Niemand hat die Absicht, eine Mauer zu errichten.

Dieser Satz machte Walter Ulbricht unsterblich und prägt bis heute nachhaltig die politische Kultur in Deutschland.
Wann immer unsere gewählten Volksvertreter Ehrenwörter abgeben, „brutalstmögliche Aufklärung“ versprechen, „keine Erhöhung der Merkelsteuer!“ fordern oder ein „einfaches, niedriges und gerechtes Steuersystem“ in Aussicht stellen, wann immer sie Rettungsschirme aufspannen, „unsere Freiheit am Hindukusch“ verteidigen oder mit Panzerlieferungen die Demokratiebewegung in der arabischen Welt befördern wollen – der alte Spitzbart winkt vergnügt von seiner Wolke und zeigt sich zufrieden mit seinen gelehrigen Schülern. Dabei teilt er gewiss nicht immer ihre weltanschaulichen Grundsätze, aber ihrer bedenkenlosen Durchsetzungskraft zollt er seinen vollen Respekt. Geht irgendwo in diesem Land ein größeres Bauprojekt in Planung, übernehmen die Neo-Ulbrichts sofort die Regie. Egal, ob es um ein Endlager für Atommüll, einen unterirdischen Bahnhof oder um einen Flughafen geht, nie hat jemand die Absicht, eine Mauer zu errichten. Ihr politisches Wirken ist immer da gefordert, wo es starke wirtschaftliche Einzelinteressen zu Lasten der Allgemeinheit durchzusetzen gilt. Unter dieser Prämisse wurde vor den Toren Berlins mit Milliardensummen aus öffentlichen Haushalten ein neuer Großflughafen aus dem Boden gestampft. Von allen diskutierten Möglichkeiten zementierte der All-Parteien-Einheitsblock – gegen jedes Expertenurteil und gegen tausendfachen Bürgerprotest – den schlechtesten Standort: Schönefeld! Vor Gericht erstritten die visionären Zukunftsplaner die Zulassung für einen Regionalflughafen ohne Nachtflugbetrieb. Auf Grundlange dieser Entscheidung versenkten sie den Grundstein im teuer erworbenen Acker. Beim Richtfest feierten sie dann sich selbst und Berlin-Brandenburg International.

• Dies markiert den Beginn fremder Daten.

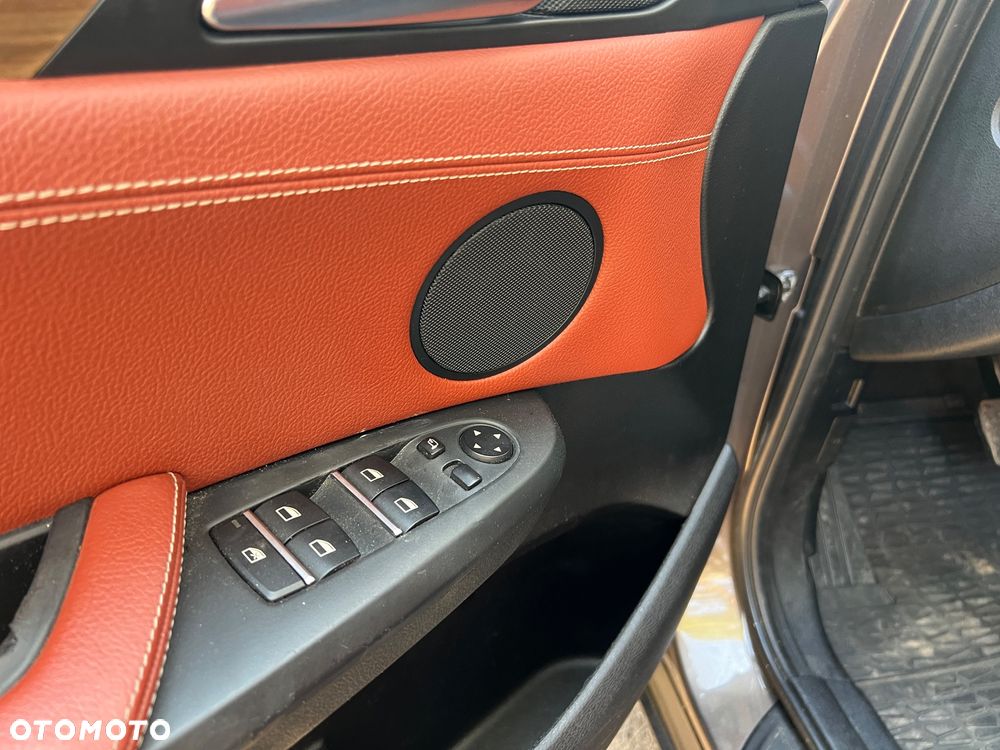 BMW X3 28i xDrive - 16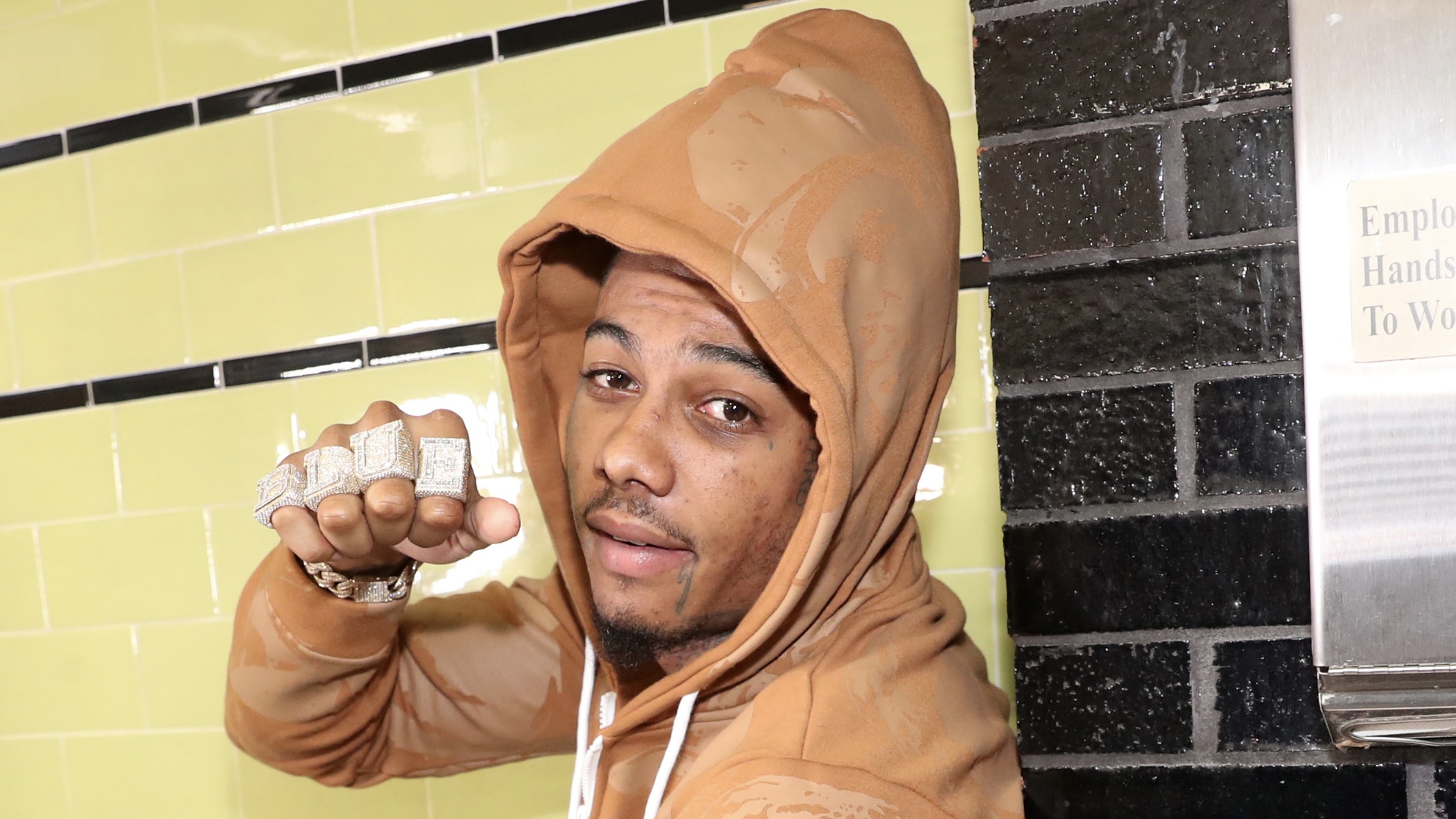 Nevaeh Akira's Message About "Peace Over Chaos" Amid Her Pregnancy With Blueface Has Some Folks Scratchin' Their Heads (PHOTO)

Zu der charakterlosen Geschichtsvergessenheit einen solchen moralischen Schwarzbau auch noch „Willy Brandt“ zu taufen, können nur Sozialdemokraten fähig sein.
Alle Verantwortlichen waren sich da längst einig, dass man sich am Ende des Tages erst mit einem internationalen Drehkreuz, plus weiteren Ausbauoptionen, zufrieden geben wird. Natürlich ist es bei einem derartigen Projekt üblich, dass man kurz vor der Fertigstellung darüber nachzudenken beginnt, wie das Ganze künftig betrieben werden soll. Und selbstverständlich fielen unsere politischen Leistungsträger aus allen Wolken, als plötzlich bevorzugte Westberliner Wohnlagen in das Blickfeld der Flugroutenplaner gerieten. Eine Woge der Empörung brandete durch die Hauptstadt. Klaus Wowereit erkannte sofort einen Angriff auf den Vertrauensschutz seiner Bürger und mit kräftigem politischem Nachdruck wurden umgehend wieder geordnete Verhältnisse herbeigeführt. Entlang der alten Demarkationslinien wurde die deutsche Hauptstadt ein weiteres Mal geteilt. Freilich braucht sich niemand im Berliner Südosten darüber beklagen, denn schließlich wurde denen vor zwanzig Jahren die Freiheit geschenkt, sich jederzeit am ruhigen Wannsee vom Müggelsee-Fluglärm zu erholen. Doch was tun die undankbaren Untertanen? Sie rotten sich jeden Montag auf dem Friedrichshagener Marktplatz zusammen, um gegen wirtschaftlichen Aufschwung, billiges Reisen, Arbeitsplätze im Überfluss und den Fortschritt im Allgemeinen zu demonstrieren. Und nun? Das Geld ist weg, der Flughafen ist so gut wie fertig, und den gewaltigen Neubau abzuräumen, wie es Ulbricht einst mit dem zerstörten Stadtschloss tat, das traut sich dann doch keiner. Somit ist jetzt der rechte Zeitpunkt gekommen, über alle Parteigrenzen hinweg gemeinsam zu schauen, was man für die Menschen bewegen kann. So kurz vor den Wahlen zeigen sich alle aufgeschlossen, hilfsbereit und einsichtig. Ja gewiss, auf jeden Fall wäre Sperenberg eine Alternative gewesen. Hätten sich doch nur mehr Bürger dafür engagiert! Heute lässt es sich leider nicht mehr so genau klären, wie es zur Fehlentscheidung für Schönefeld kam, nur so viel ist sicher: Vor allem die anderen tragen die Schuld daran. Womöglich ärgert es Walter Ulbricht doch ein wenig, dass dieses moderne Sinnbild der alten Teilung nicht seinen Namen tragen wird, aber – und da ist er sich ganz sicher – zu der charakterlosen Geschichtsvergessenheit einen solchen moralischen Schwarzbau auch noch „Willy Brandt“ zu taufen, können nur Sozialdemokraten fähig sein.